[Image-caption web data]
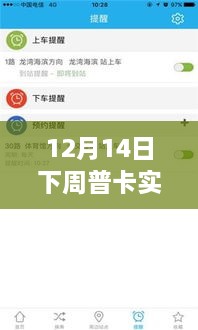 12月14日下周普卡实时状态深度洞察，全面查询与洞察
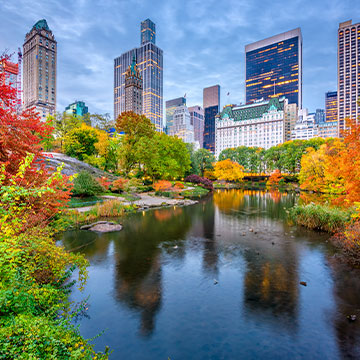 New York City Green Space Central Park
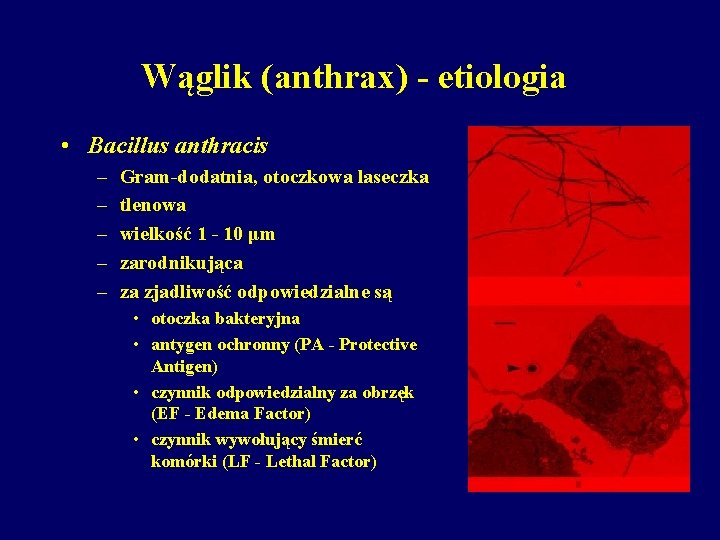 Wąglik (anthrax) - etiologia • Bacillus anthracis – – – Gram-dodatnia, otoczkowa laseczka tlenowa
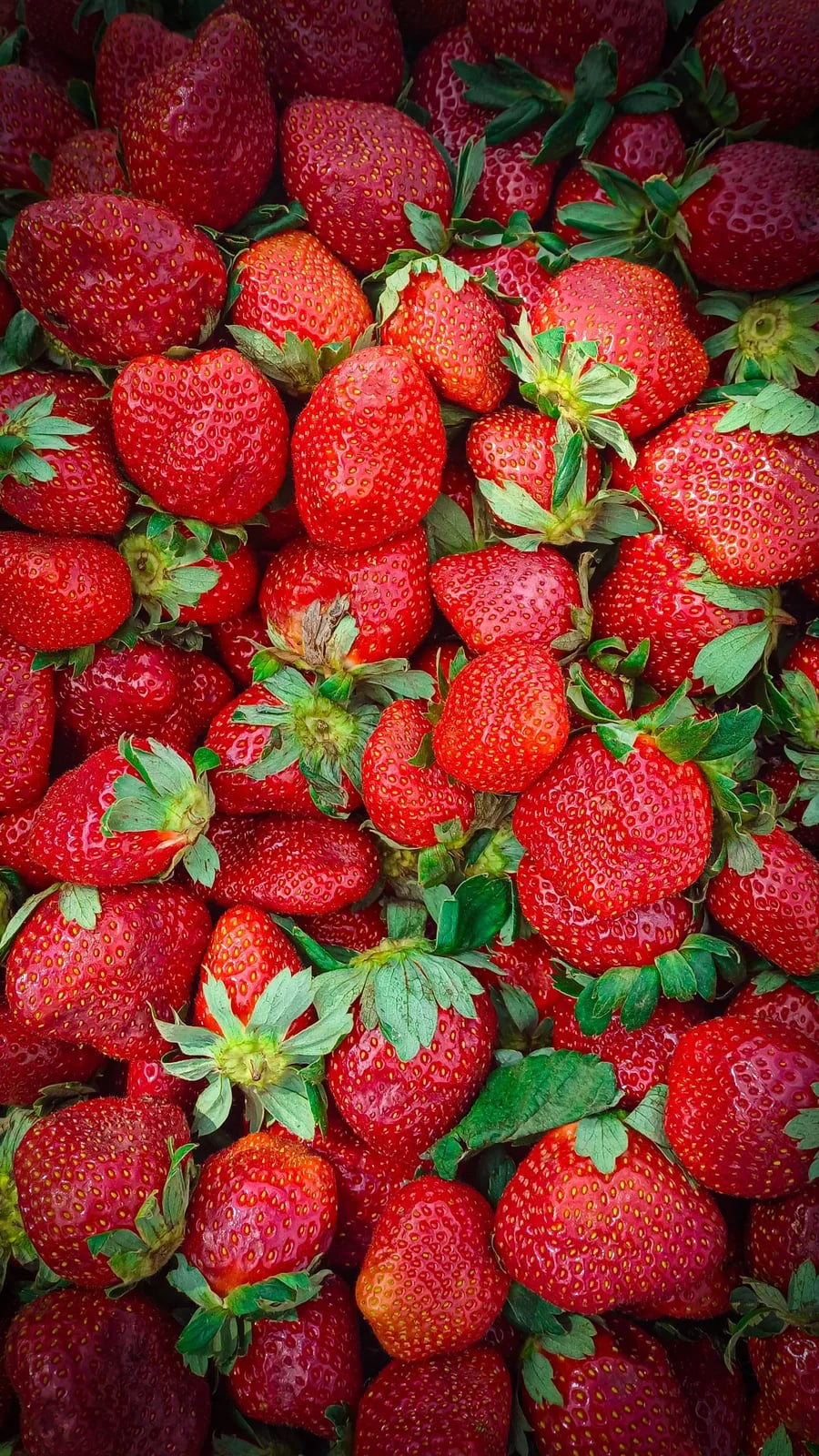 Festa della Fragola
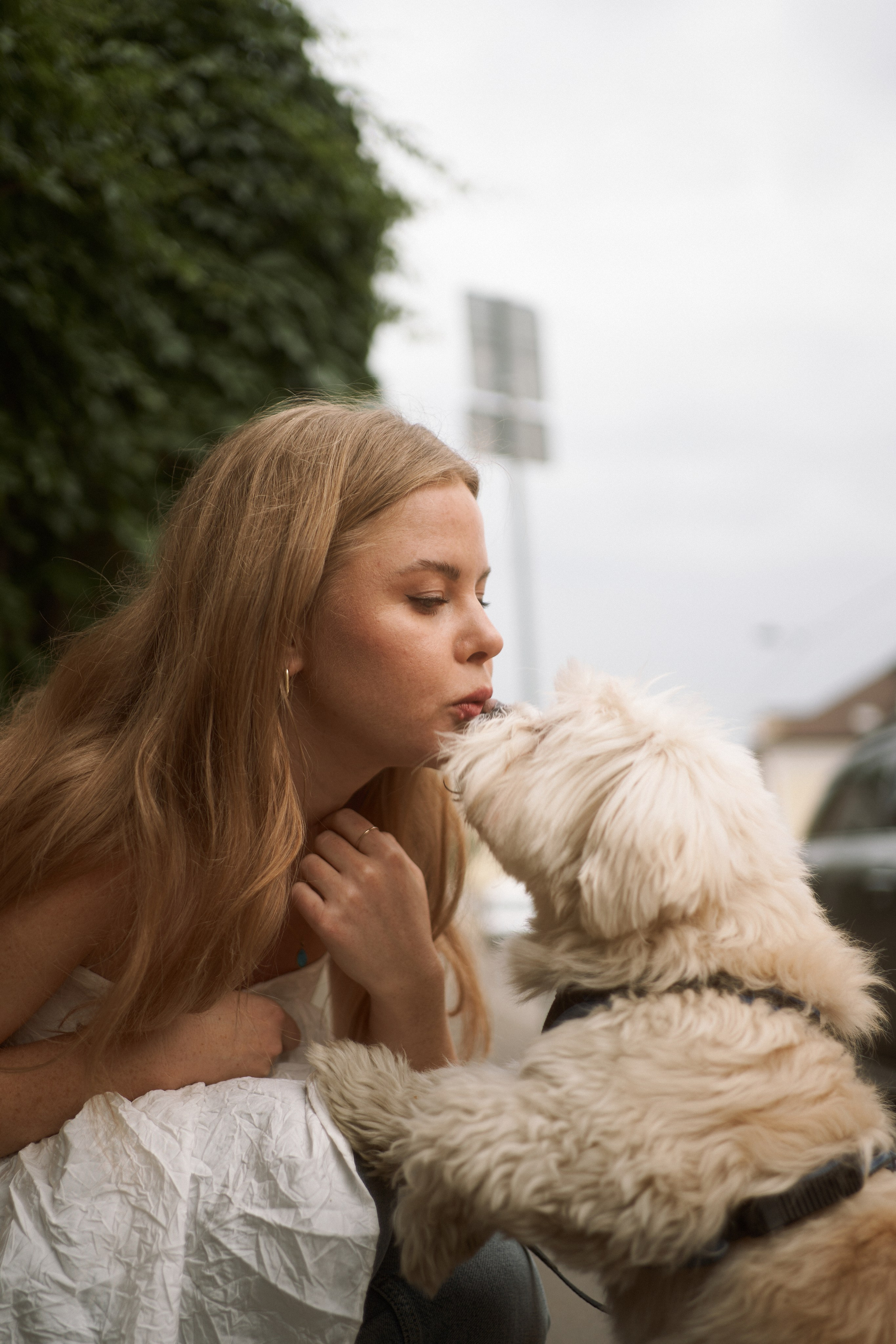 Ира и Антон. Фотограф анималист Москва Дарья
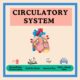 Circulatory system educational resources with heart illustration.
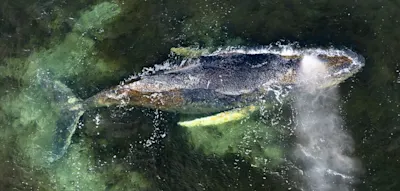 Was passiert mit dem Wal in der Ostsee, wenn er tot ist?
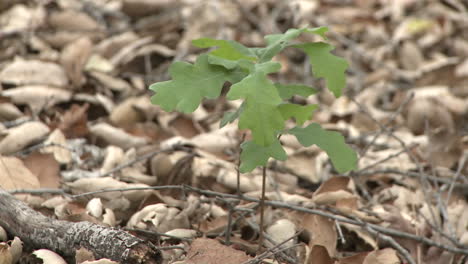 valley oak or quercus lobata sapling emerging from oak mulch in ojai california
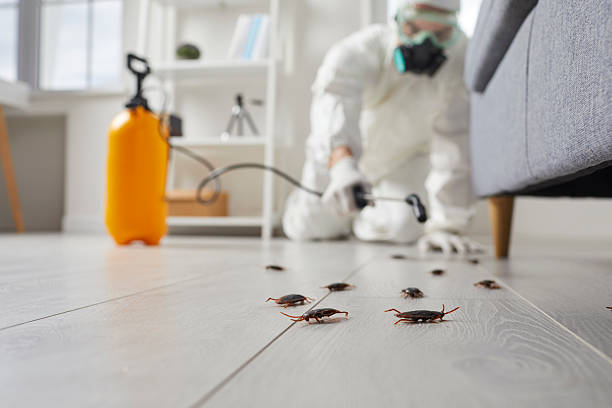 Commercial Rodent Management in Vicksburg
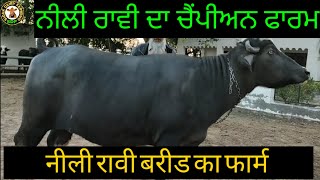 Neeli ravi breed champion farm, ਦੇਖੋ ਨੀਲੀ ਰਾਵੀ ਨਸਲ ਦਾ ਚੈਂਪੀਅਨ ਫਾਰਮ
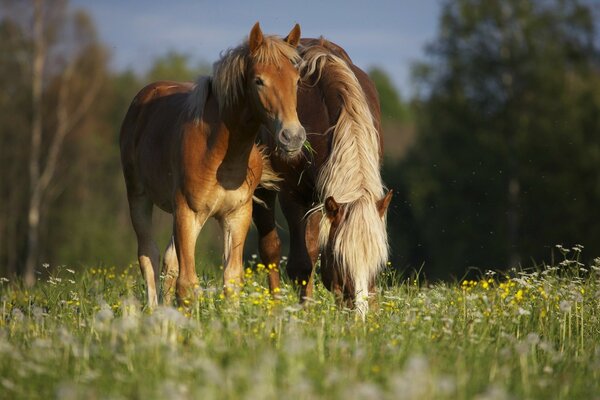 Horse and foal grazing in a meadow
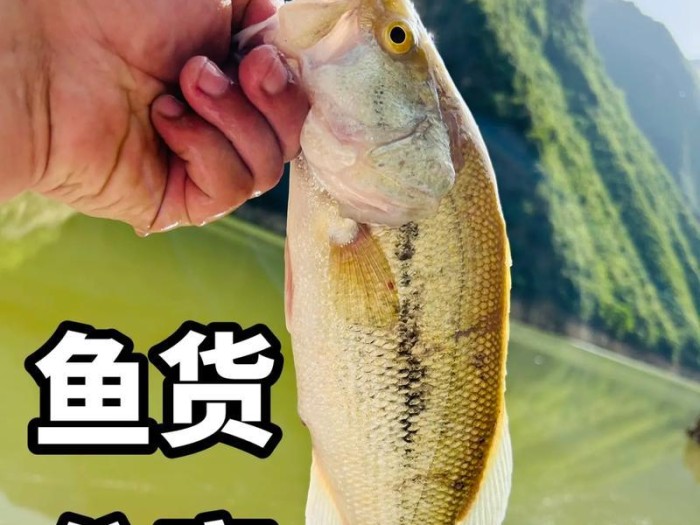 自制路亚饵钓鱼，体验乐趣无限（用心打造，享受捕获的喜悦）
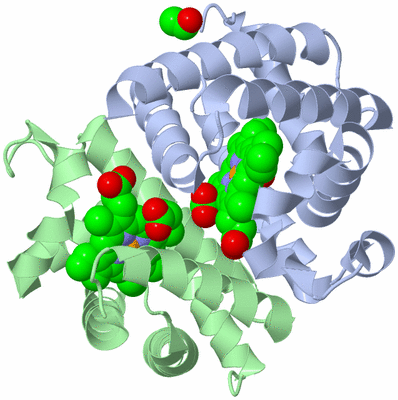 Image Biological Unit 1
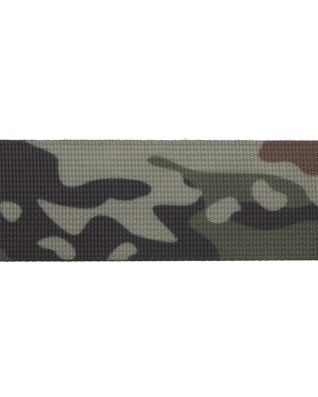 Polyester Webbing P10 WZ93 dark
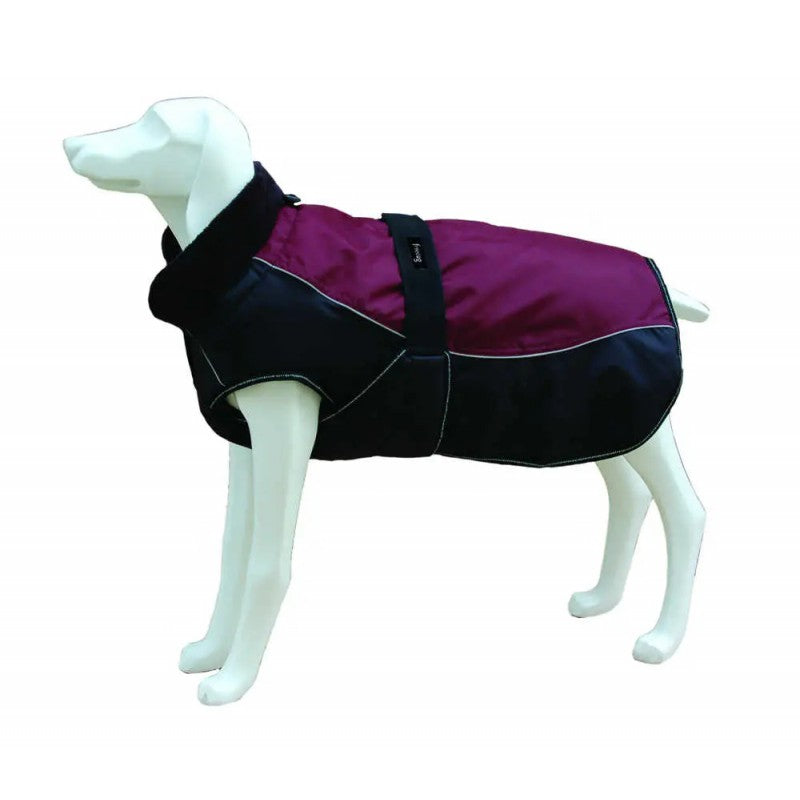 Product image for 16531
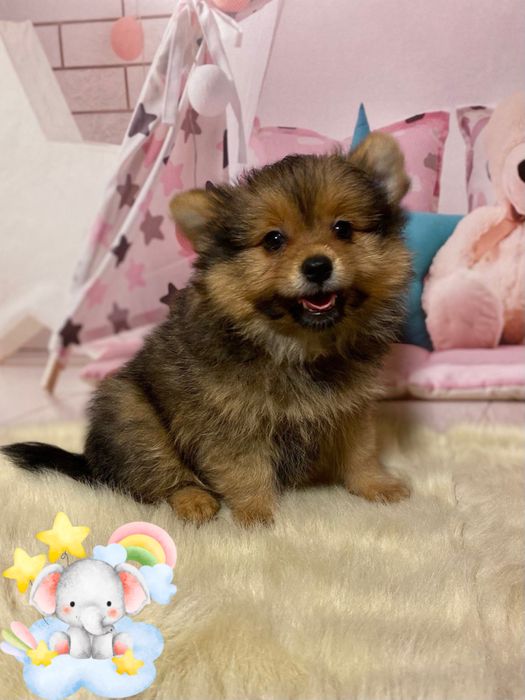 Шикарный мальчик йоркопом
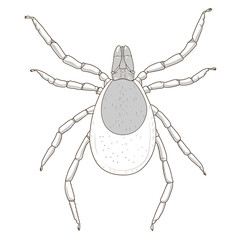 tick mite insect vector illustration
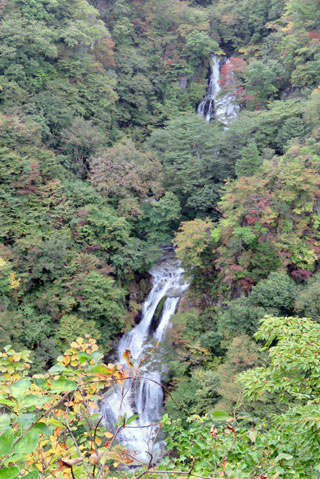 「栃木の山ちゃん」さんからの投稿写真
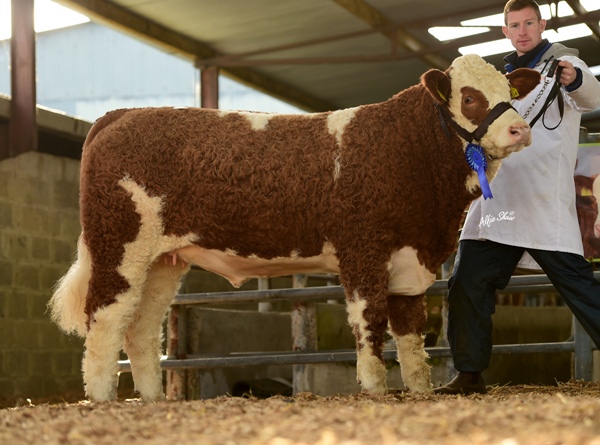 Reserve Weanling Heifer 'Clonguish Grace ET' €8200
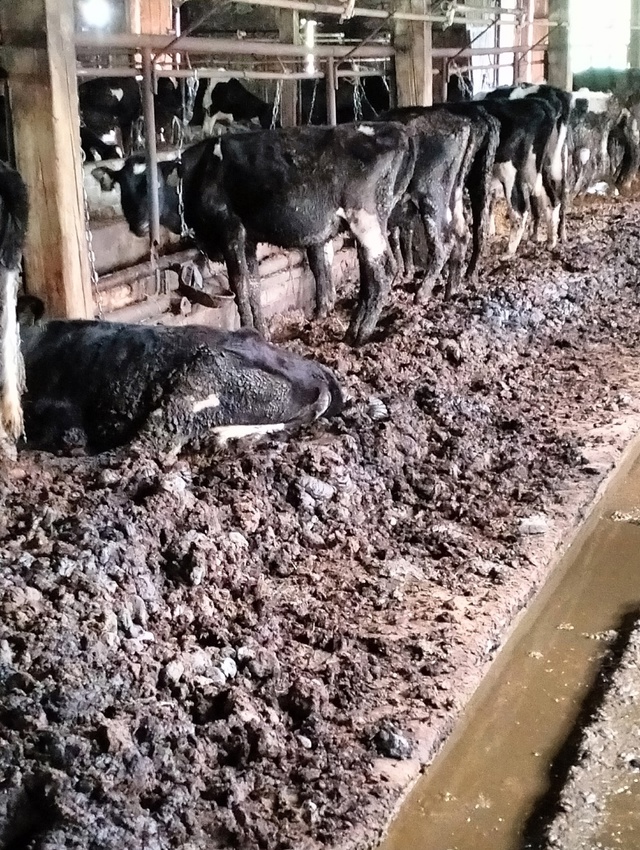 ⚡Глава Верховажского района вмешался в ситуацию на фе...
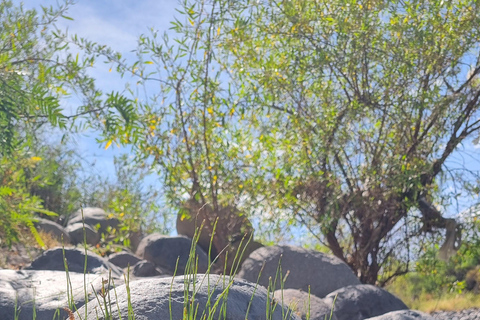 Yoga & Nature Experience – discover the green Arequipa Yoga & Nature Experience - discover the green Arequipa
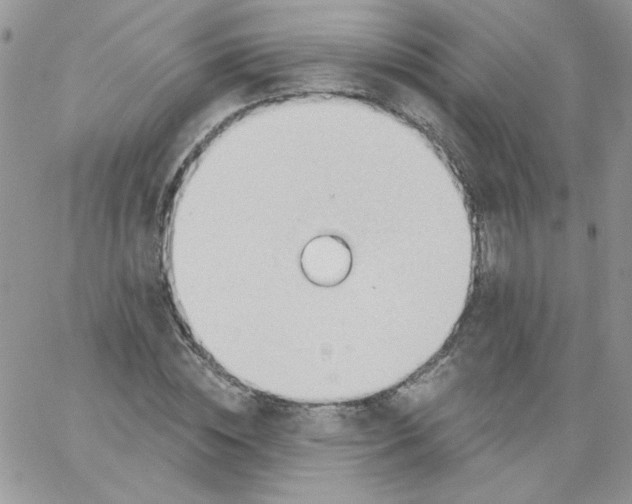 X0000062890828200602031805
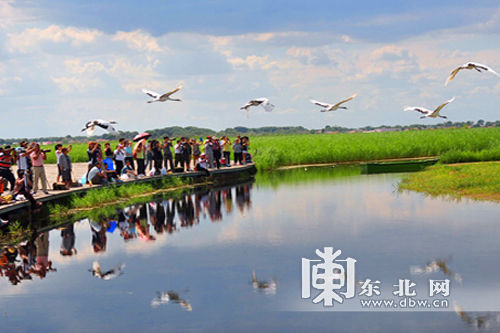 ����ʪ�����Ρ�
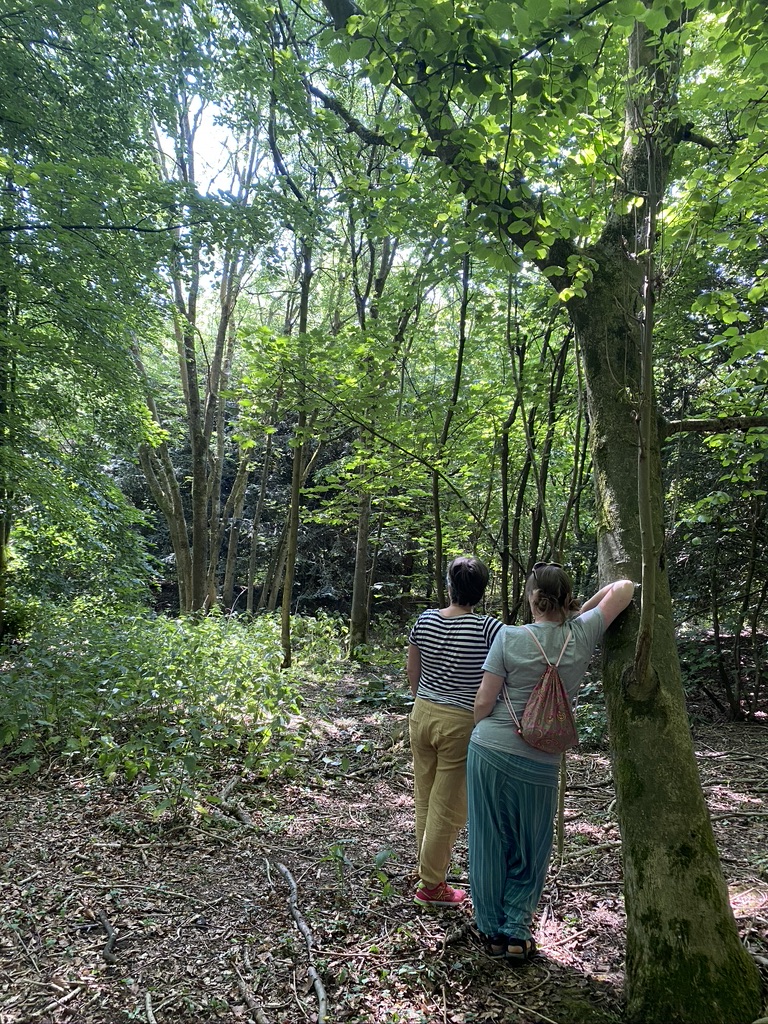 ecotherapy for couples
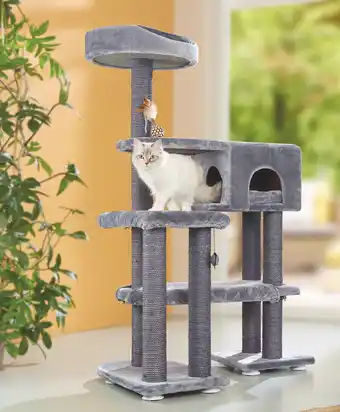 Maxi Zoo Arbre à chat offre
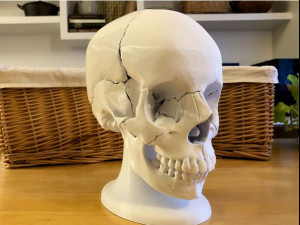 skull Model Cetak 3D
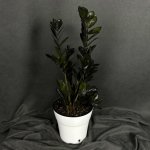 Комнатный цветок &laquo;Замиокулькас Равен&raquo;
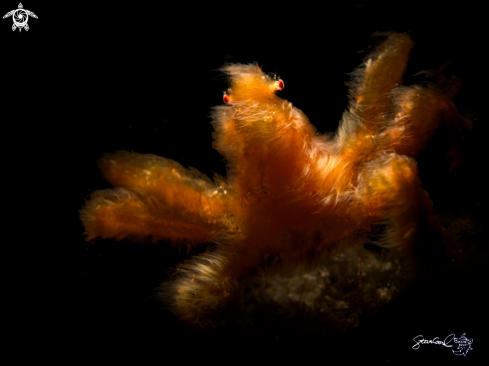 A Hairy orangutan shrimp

TASK PROMPT> Look above for the line with "Шикарный мальчик йоркопом", then give again exactly every line from there through the line with "skull Model Cetak 3D", skipping the pictures.

RESPONSE TO THE TASK>
 Шикарный мальчик йоркопом
 tick mite insect vector illustration
 「栃木の山ちゃん」さんからの投稿写真
 Reserve Weanling Heifer 'Clonguish Grace ET' €8200
 ⚡Глава Верховажского района вмешался в ситуацию на фе...
 Yoga & Nature Experience – discover the green Arequipa Yoga & Nature Experience - discover the green Arequipa
 X0000062890828200602031805
 ����ʪ�����Ρ�
 ecotherapy for couples
 Maxi Zoo Arbre à chat offre
 skull Model Cetak 3D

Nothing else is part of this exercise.